HERVs are genetic parasites and have high expression levels in some autoimmune diseases and cancers. HERV Env proteins induce abnormal cell-cell fusion and possibly contributing to tumor development and metastasizing processes [12]. Recent evidence suggests that these elements may be used as a biomarker for diagnostic and therapeutic targets. For instance, Attention-deficit/hyperactivity disorder (ADHD) patients treated with methylphenidate (MPH) have shown decreased HERV-H expression, which was associated with improved disease [13]. In multiple sclerosis patients, a decreased HERV-W expression level in patients under interferon-beta therapy has been reported [14]. Based on previous studies, ELF-EFM was expected to induce HERVs expression; but we found that this exposure can ameliorate HERVs destructive effects in melanoma cells. However, the exact mechanism of such downregulation in HERVs by EMF exposure is not known; more likely, the methylation of CpG island in LTR promoter regions may reduce the expression of HERV genes [15].
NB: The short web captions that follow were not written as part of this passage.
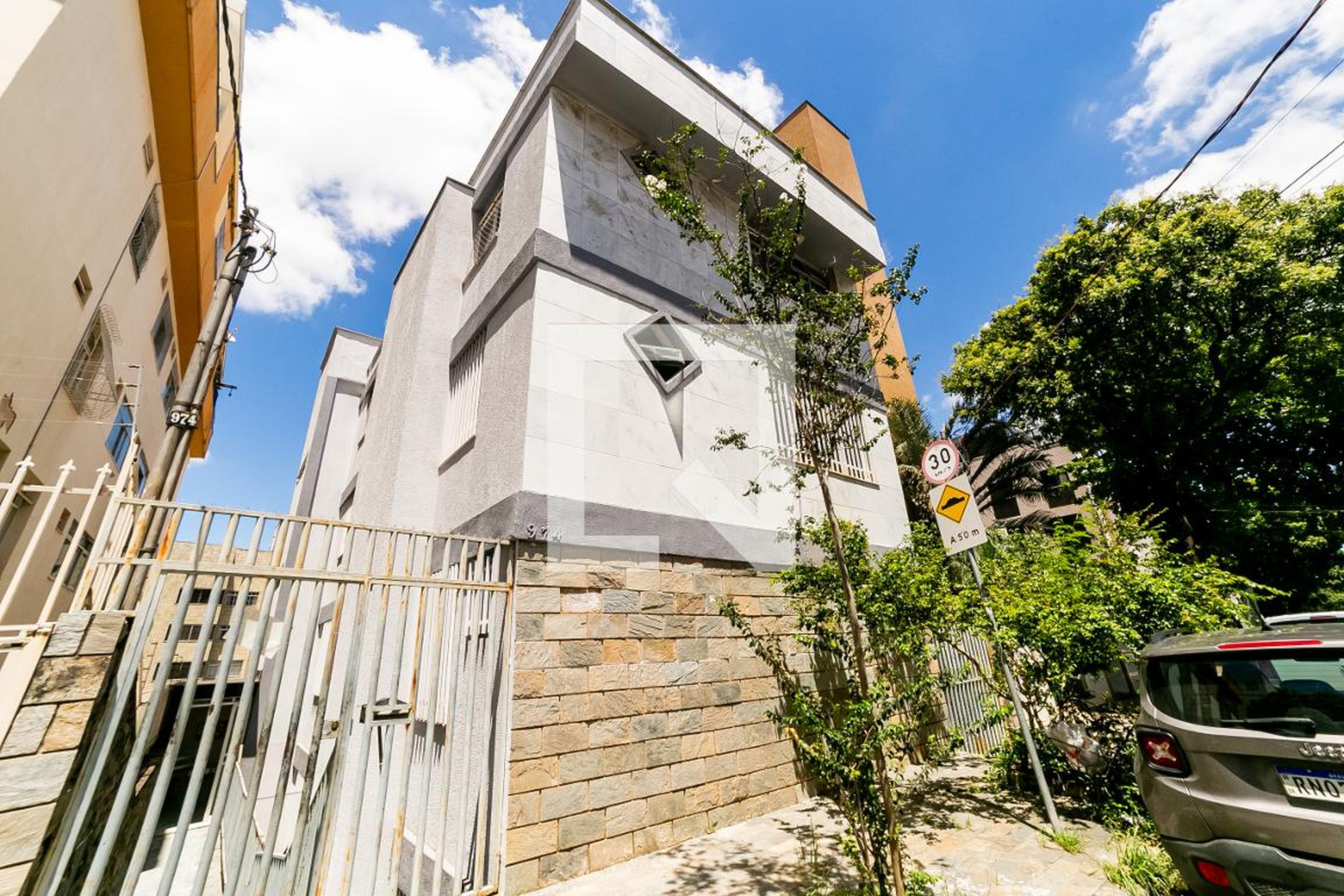 Fachada do Prédio Condomínio em Rua Tabelião Ferreira de Carvalho, 974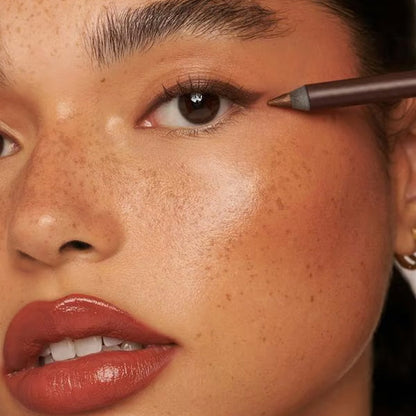 🔥Köp 1 få 1 gratis🔥Ultra-Pigmenterad Strandtålig Gel Eyeliner（Gratis pennvässare）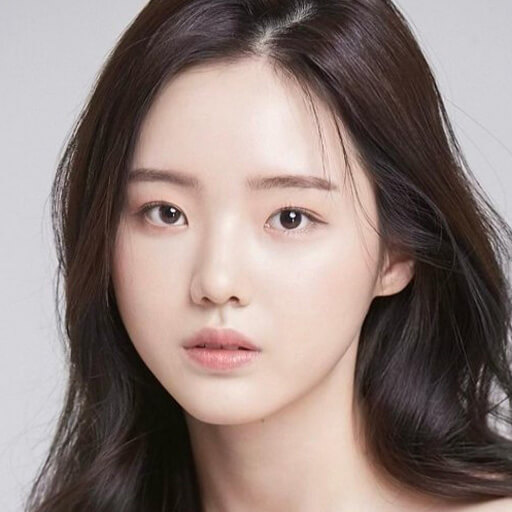 Kang Na-eon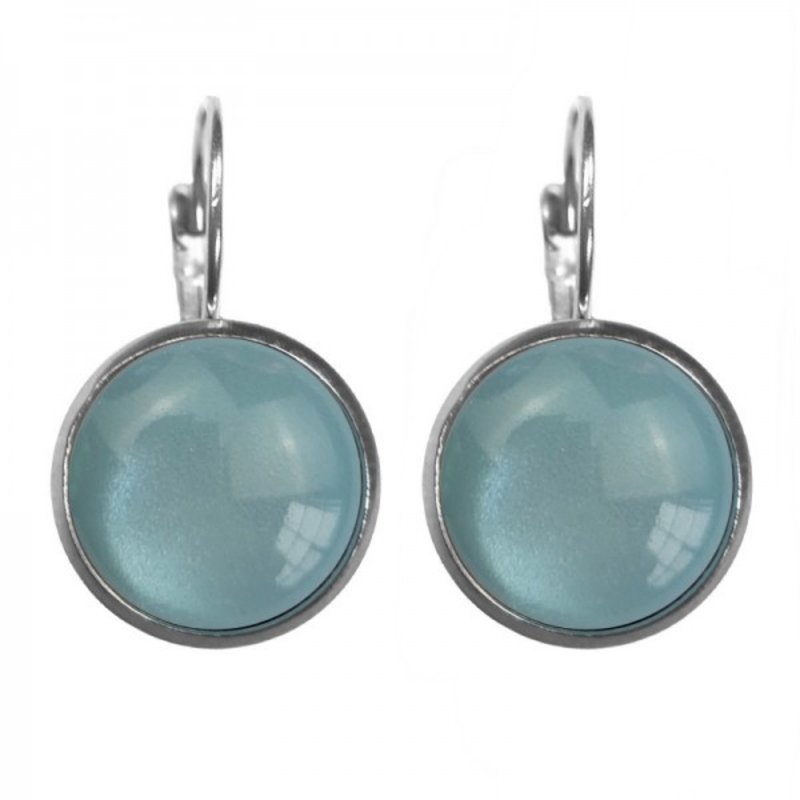 Cameo Blue Dots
Moreover, 50 Hz ELF-EMF exposure with low intensities may alter DNA methylation patterns in some genes [16]. Besides, ELF-EMF exposure affects mRNA expression levels of some genes involved in antioxidant pathways [17]. This phenomenon can be extended in the context of HERVs elements. Similar to our results, Del Re et al., [18] showed ELF-PMF (pulsed magnetic field) decreases LINE-1 retrotransposition activity in neuroblastoma cells. Another study with this research group indicated a decrease in DNA methylation of different CpG islands following exposure to a combination of oxidative stress with ELF-PMF (PMF; 50 Hz, 1 mT) [19]. According to the structure of our incubator, studying cell viability and cell growth of different study groups at the same time and similar conditions was not possible. However, we assessed the cell viability of control and one of the treated groups in unsynchronized way that was not significant (data not shown).
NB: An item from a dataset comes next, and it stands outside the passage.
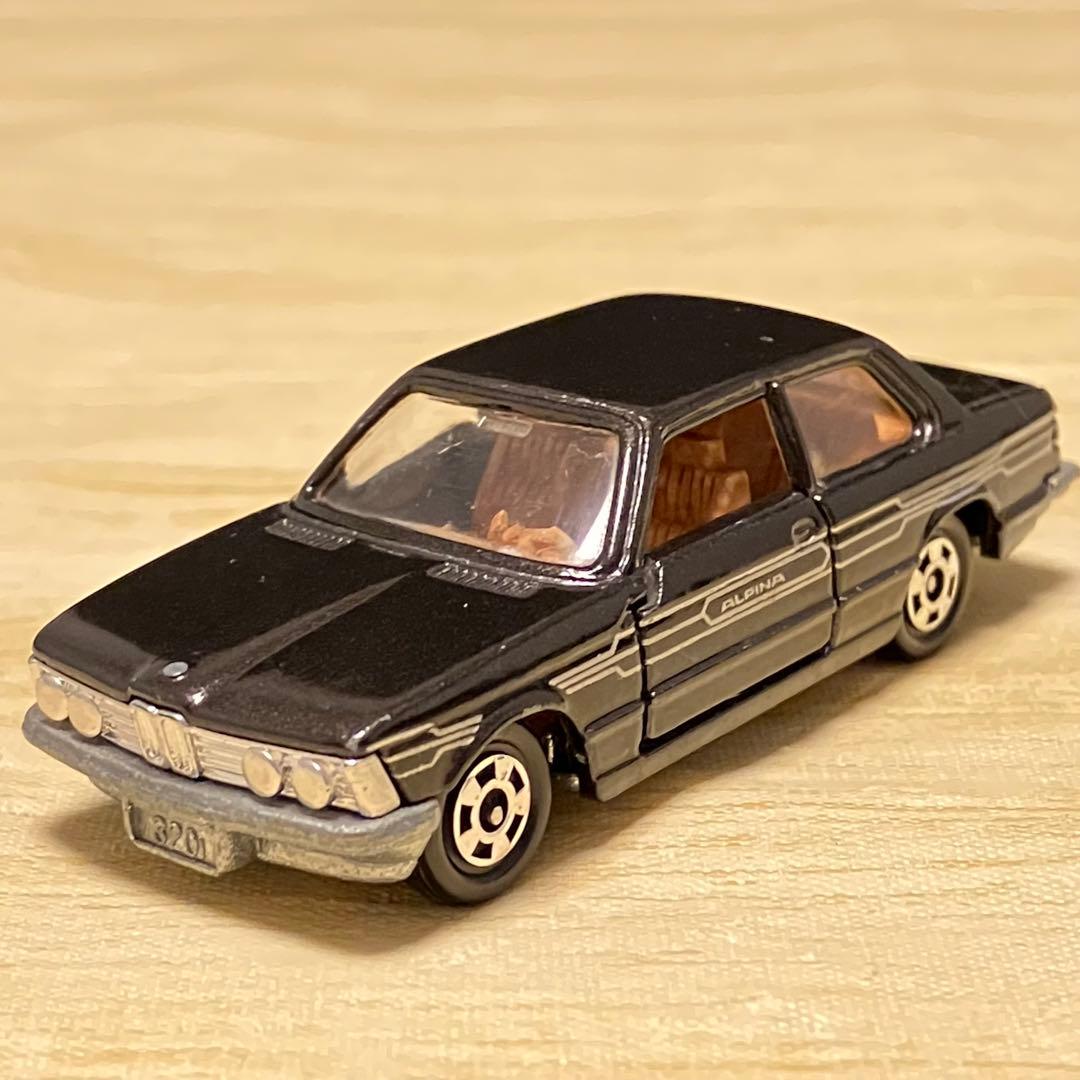 トミカ  320i No.F45 1/62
This was the first study reporting the ELF-EMF's prolonged effect on HERVs gene expression, so a more in-depth insight into the DNA methylation status of HERVs activation is needed following exposure to ELF-EMF on tumoral cells. Further studies are required to evaluate underlying potential mechanisms around ELF-EMF with more emphasis on therapeutic targets on skin cancer.

Conflict of Interest

The authors declare no conflict of interest.